BART is trained by (1) corrupting text with an arbitrary noising function, and (2) learning a model to reconstruct the original text.
This looks like a pretty standard pretraining scheme. I assume that their noising function is what is unique in the paper.
We evaluate a number of noising approaches, finding the best performance by both randomly shuffling the order of the original sentences and using a novel in-filling scheme, where spans of text are replaced with a single mask token.
This is actually really interesting, as a result, I’m curious as to what they find. ALBERT yesterday talked about how NSP is too easy of a task, where Sentence Order Prediction is important.
BART is particularly effective when fine tuned for text generation but also works well for comprehension tasks.
Text Generation is something I am not as familiar with, but I can see how having a good language model is important for this. And how sentence order is pertinent.

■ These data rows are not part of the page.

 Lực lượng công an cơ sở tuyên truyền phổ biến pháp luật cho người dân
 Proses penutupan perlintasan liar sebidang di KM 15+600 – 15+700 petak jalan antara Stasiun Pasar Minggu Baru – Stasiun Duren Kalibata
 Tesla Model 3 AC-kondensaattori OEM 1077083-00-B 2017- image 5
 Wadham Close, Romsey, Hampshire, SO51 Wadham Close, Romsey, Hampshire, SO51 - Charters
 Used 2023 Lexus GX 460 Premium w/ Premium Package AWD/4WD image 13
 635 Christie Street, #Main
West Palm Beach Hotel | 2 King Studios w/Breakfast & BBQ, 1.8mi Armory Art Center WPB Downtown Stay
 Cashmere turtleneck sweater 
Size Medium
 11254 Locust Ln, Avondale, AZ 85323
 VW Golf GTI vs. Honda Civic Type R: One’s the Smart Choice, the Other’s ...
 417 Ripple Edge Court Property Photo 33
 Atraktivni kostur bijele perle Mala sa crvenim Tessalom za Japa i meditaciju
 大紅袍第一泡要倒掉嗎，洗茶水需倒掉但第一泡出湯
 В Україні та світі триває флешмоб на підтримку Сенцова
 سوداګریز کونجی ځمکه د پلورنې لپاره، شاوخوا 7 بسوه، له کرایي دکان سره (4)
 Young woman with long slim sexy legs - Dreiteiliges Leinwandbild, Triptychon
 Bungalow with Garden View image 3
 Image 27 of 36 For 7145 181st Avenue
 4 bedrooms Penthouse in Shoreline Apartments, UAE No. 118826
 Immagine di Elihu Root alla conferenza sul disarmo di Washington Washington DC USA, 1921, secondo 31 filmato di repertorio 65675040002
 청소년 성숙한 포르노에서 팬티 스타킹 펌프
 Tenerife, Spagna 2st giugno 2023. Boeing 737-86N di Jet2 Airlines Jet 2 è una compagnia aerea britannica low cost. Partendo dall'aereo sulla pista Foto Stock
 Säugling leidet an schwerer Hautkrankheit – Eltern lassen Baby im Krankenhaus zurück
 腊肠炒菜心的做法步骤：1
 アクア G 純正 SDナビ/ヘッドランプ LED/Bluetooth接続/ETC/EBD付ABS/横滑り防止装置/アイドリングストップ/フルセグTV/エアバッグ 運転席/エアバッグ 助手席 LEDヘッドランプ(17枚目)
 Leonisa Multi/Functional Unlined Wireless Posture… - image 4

3. Look at the images and extract a set of “questions” about what is not clear about their method from the images. Now your job is to answer these questions by reading the paper.
Ahh, a paper with an excellent image!
This is very easy to understand how they differ from popular LM’s. I am not sure if the purple arrow has any significant meaning, or it is just a change from how BERT decodes, which is not Autoregressive, but BERT does have a decoding step.
These augmentations are also easy to understand.
I wonder which ones proved successful?
4. Read the method aiming to answer your “questions” about the paper. Focus on understanding only the things relevant for the story (i.e., to understand the contribution).
In Section 4, the paper compares Pre-training objectives.
This table shows a few things:
- Different pretraining tasks provide significant variation.
- Token Masking is critical.
- Left-to-Right pretraining is good for generation.
- BART is strong in many areas.
5. Read the experiments to convince you that the show results are caused by their claim. Be aware that the experiments highlighted are the best scenarios and are fully hyper-parameter tuned.
BART seems to add marginal improvements over other models. However their system seems to be pretty robust. Perhaps the pretraining task does not matter quite as much as long as a sufficient task is chosen. That would explain in part some of the lifetime to BERT.
6. Make sure you answered all your questions. Did the authors convince you that their story has the effect that they claim?
I think I can take away from this paper a better understanding of different pretraining tasks, and a great appreciation for images diagramming the model, so it is much easier to understand.